Les employeurs et les éleveurs catalans célèbrent le fait de « pourvoir les postes vacants » avec la régularisation des migrants
– CONSEIL MUNICIPAL D'ALCARRÀS – Archives
BARCELONE, 2 février. () –
Les associations patronales Foment del Treball et Pimec et le syndicat agricole Unió de Pagesos ont célébré que la régularisation extraordinaire de 500.000 migrants – environ 150.000 en Catalogne – annoncée la semaine dernière par le gouvernement permettra aux entreprises et au secteur primaire du territoire de « pourvoir les postes vacants » dans le tissu économique.

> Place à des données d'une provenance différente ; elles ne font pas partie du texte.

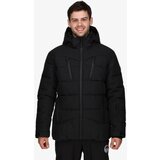 Ellesse muška ski jakna noa crna Cene
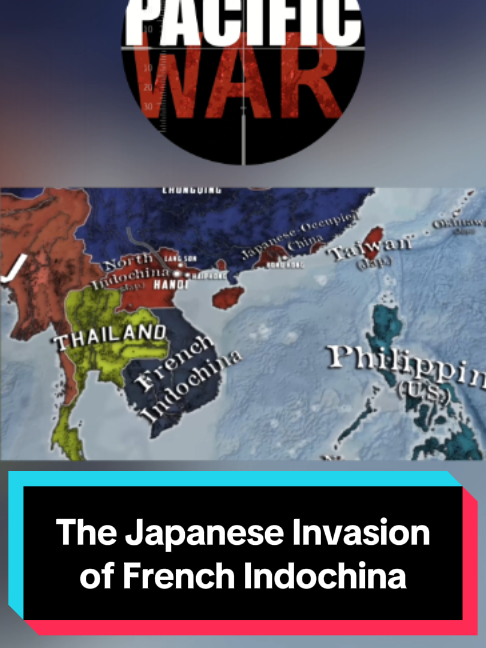 @The Pacific War Channel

Cependant, ils demandent que l'insertion de ce personnel sur le marché du travail se fasse de manière consensuelle avec les différents secteurs économiques et territoires à demande saisonnière, comme la campagne fruitière de Lleida.
UNION DES PAGESOS
La responsable des Travailleurs Temporaires et Accords de l'Unió de Pagesos Field, Carol Aixut, a souligné la nécessité que les effets de la régularisation extraordinaire soient palpables avant la nouvelle campagne agricole, qui commence vers le mois d'avril.
Selon les calculs du syndicat agricole, il faut chaque année environ 40 000 personnes qui, temporairement – avec des contrats d'environ 4 ou 5 mois par an – rejoignent les postes vacants dans les champs catalans, ainsi que dans les chambres froides.
« C'est une demande que nous avons depuis des années pour de nombreuses personnes qui vivent en situation irrégulière en Espagne. Nous voulons que la société nous regarde sous un meilleur jour, car tout ce que nous voulons, c'est leur fournir de la nourriture », a déclaré Aixut.
La représentante syndicale a fait valoir que dans la campagne catalane, il est de plus en plus difficile d'attirer les travailleurs saisonniers : « Le film 'Alcarrás' n'est plus réalisable et cette vie nomade devient de moins en moins populaire. Les saisonniers peuvent se voir proposer un travail de 5 mois en Catalogne et ensuite ils partent dans d'autres régions d'Espagne », a-t-elle déploré.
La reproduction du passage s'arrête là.